A mathematical model of disease cycles developed at the University of Michigan shows promise for predicting cholera outbreaks.
Speaking in a symposium titled "New Vistas in the Mathematics of Ecology and Evolution" at the annual meeting of the American Association for the Advancement of Science in San Francisco, theoretical ecologist Mercedes Pascual will discuss how models that she and coworkers have developed can aid short-term forecasting of infectious diseases, such as cholera, and inform decisions about vaccination and other disease-prevention strategies.
AdvertisementIn research done over the past seven years, Pascual and colleagues have found evidence that a phenomenon known as the El Nino-Southern Oscillation (ENSO), a major source of climate variability from year to year, influences cycles of cholera in Bangladesh. They also showed that the coupling between climate variability and cholera cycles has become stronger in recent decades.
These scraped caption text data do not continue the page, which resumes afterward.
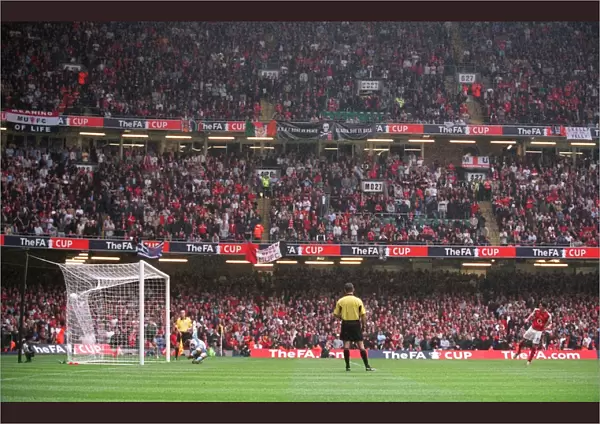 Robin van Persie (Arsenal) scores his penalty in the shoot out past Roy Carroll (Man Utd)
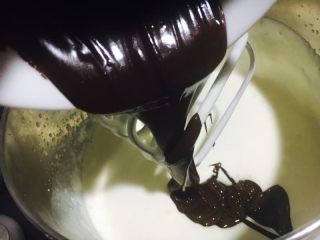 17、撞色蛋糕,倒入巧克力液。打至8成发。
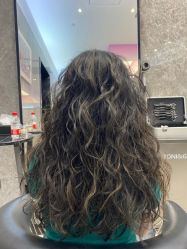 -TONI&GUY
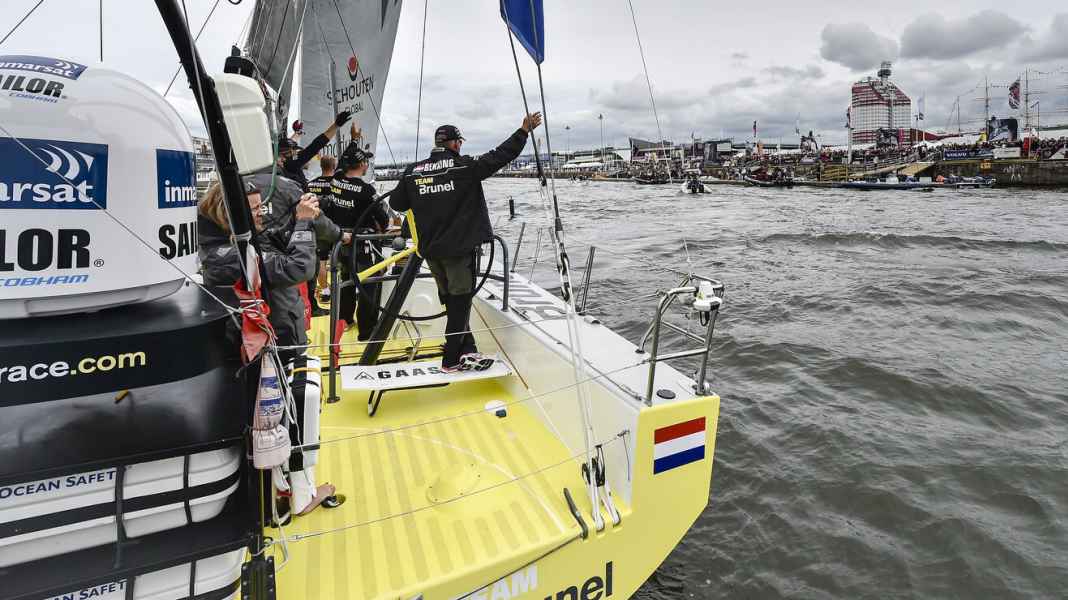 Volvo Ocean Race : dans l'eau de la poupe de "Flyer" vers La Haye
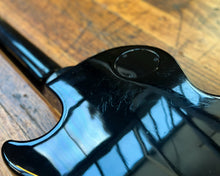 Load image into Gallery viewer, Gibson Les Paul Classic
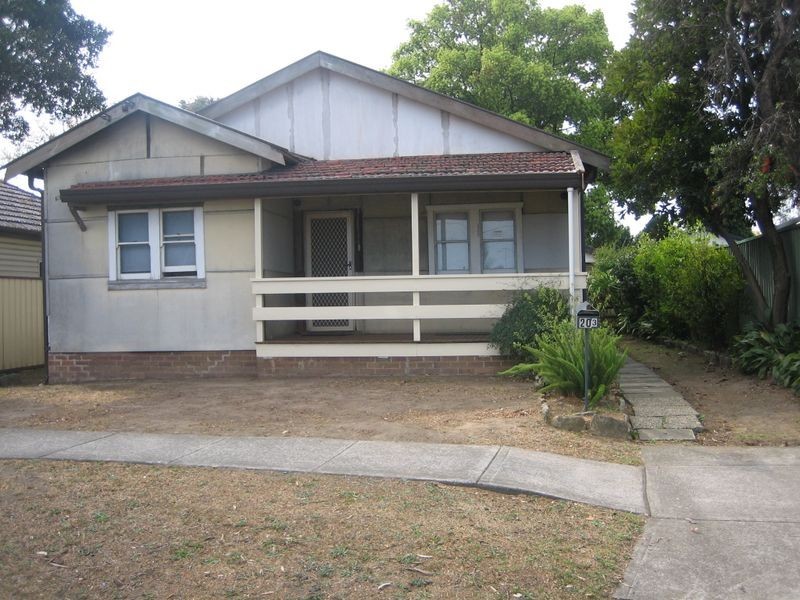 203 Fairfield Street, Yennora NSW 2161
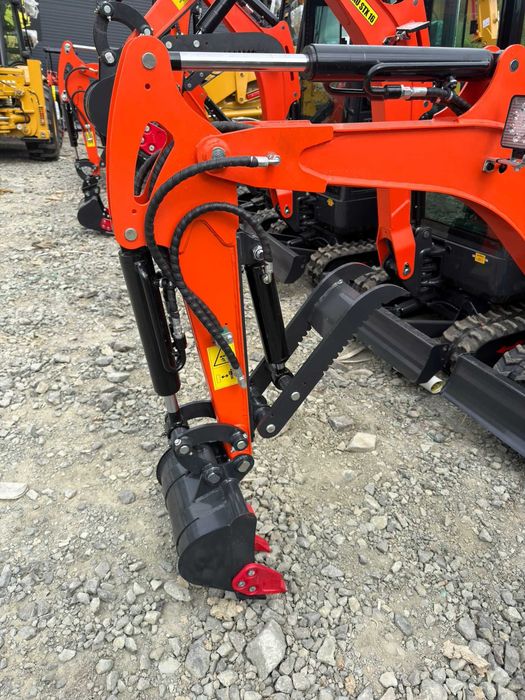 Miniexcavator STX16 cu cabina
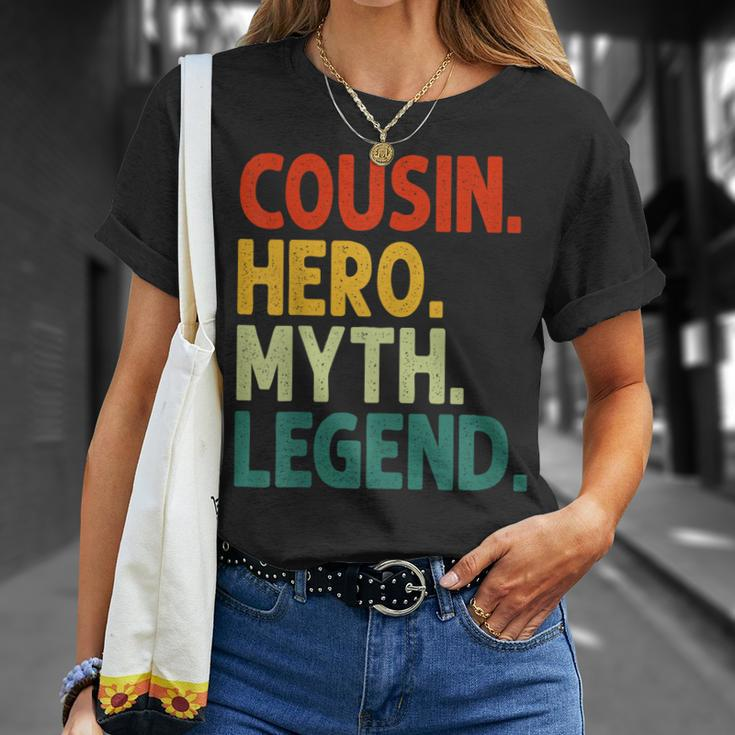 Cousin Held Mythos Legende Retro Vintage-Cousin T-Shirt Geschenke für Sie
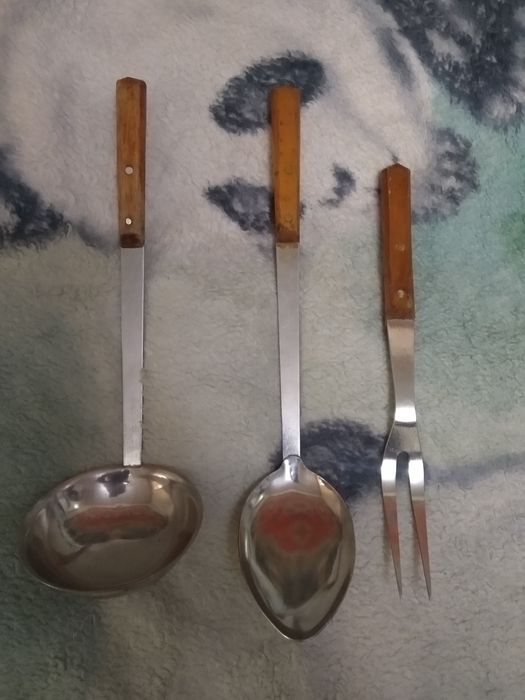 Кухонный набор из трёх предметов.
Now, Pascual is examining the feasibility of using a model developed during that work as an early warning system.
"The question we asked was whether, using data from 1966 to 2000, we could have predicted cholera outbreaks over the past five years," said Pascual, an associate professor of ecology and evolutionary biology. "We also wanted to know whether incorporating ENSO into the model would improve the accuracy of our predictions." The challenge for the model was particularly interesting because the past five years were atypical, with fewer cholera cases than usual and no strong climate anomalies. However, the model performed well, Pascual said.
"Our results showed that for the past five years, we would have done fairly well predicting cholera cases one year ahead, and that the model that uses ENSO makes prediction even more accurate."
Cholera, a serious health problem in many parts of the world, results from a bacterial infection. The bacterium takes up residence in the intestines, causing vomiting and diarrhea, which can lead to severe dehydration and death if patients are not promptly treated.